Like director Crowley’s “Brooklyn,” the world portrayed here has the scale and melodrama of a Thackery novel, with many plot twists as obvious as a soap opera. I love the very literary device of suggesting how money knows money, and how everybody in the New York chapters is connected. And if you’re not a born member of that exclusive circle, you’re immediately under suspicion.

But there are unnecessary characters and scenes that don’t drive the narrative here. The big mystery at its heart doesn’t demand resolution, but we can’t have puzzles that aren’t solved, can we?

And the third act is as over-the-top as the first two are understated, which the characters remain even when great and terrible things are happening.

Some of us love being ensconced in a universe of Austenesque/”Antiques Roadshow” quiet and money, of finer things with history and beauty, where tweens can discuss Beethoven until their influences shift to the kid who knows what Vicodin and vodka will do to you, and wants somebody to take an acid trip with him.
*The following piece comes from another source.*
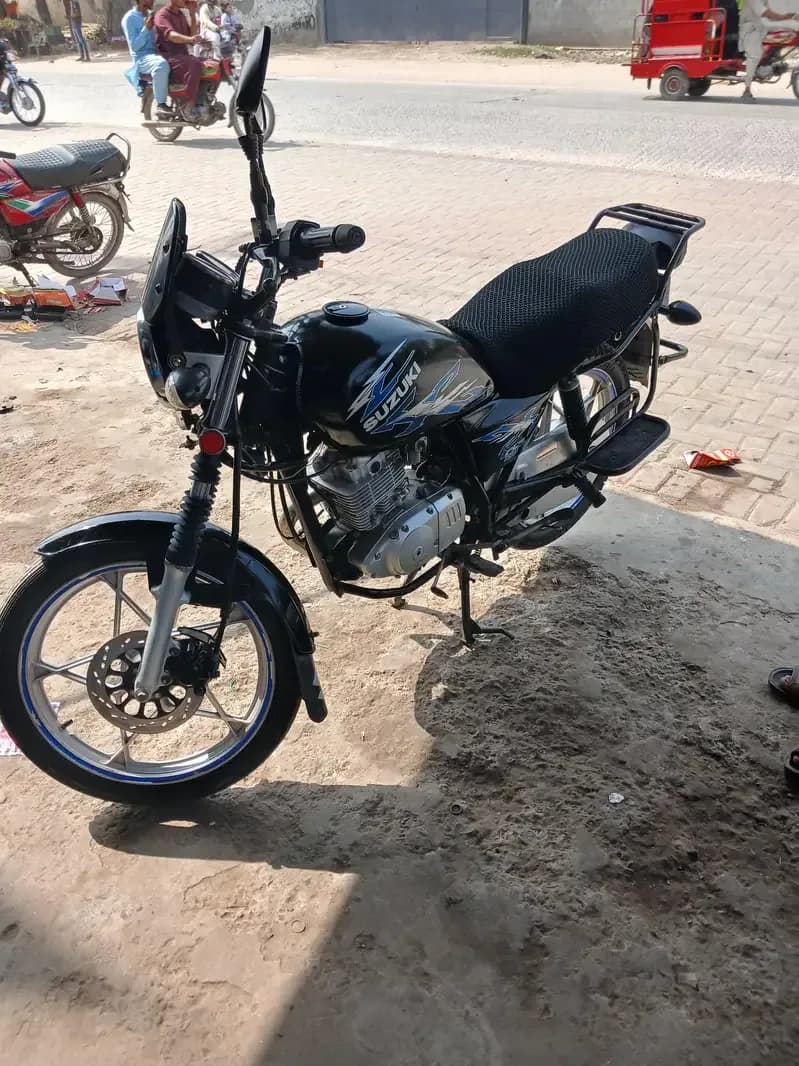 Suzuki GS 150 SE Model 2021 | Self Start | Excellent Condition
We few, we not-easily-bored few, can catch “The Goldfinch” in a theater and revel in unerringly modulated performances — everybody is so softspoken that the verbal explosions have alarming violence about them — and a world we might envy, or at least resent a little bit.

Everybody else can wait to see it on a streaming service. I hear Prime is a good deal, so long as you use it to buy books and fine kitchenware, too.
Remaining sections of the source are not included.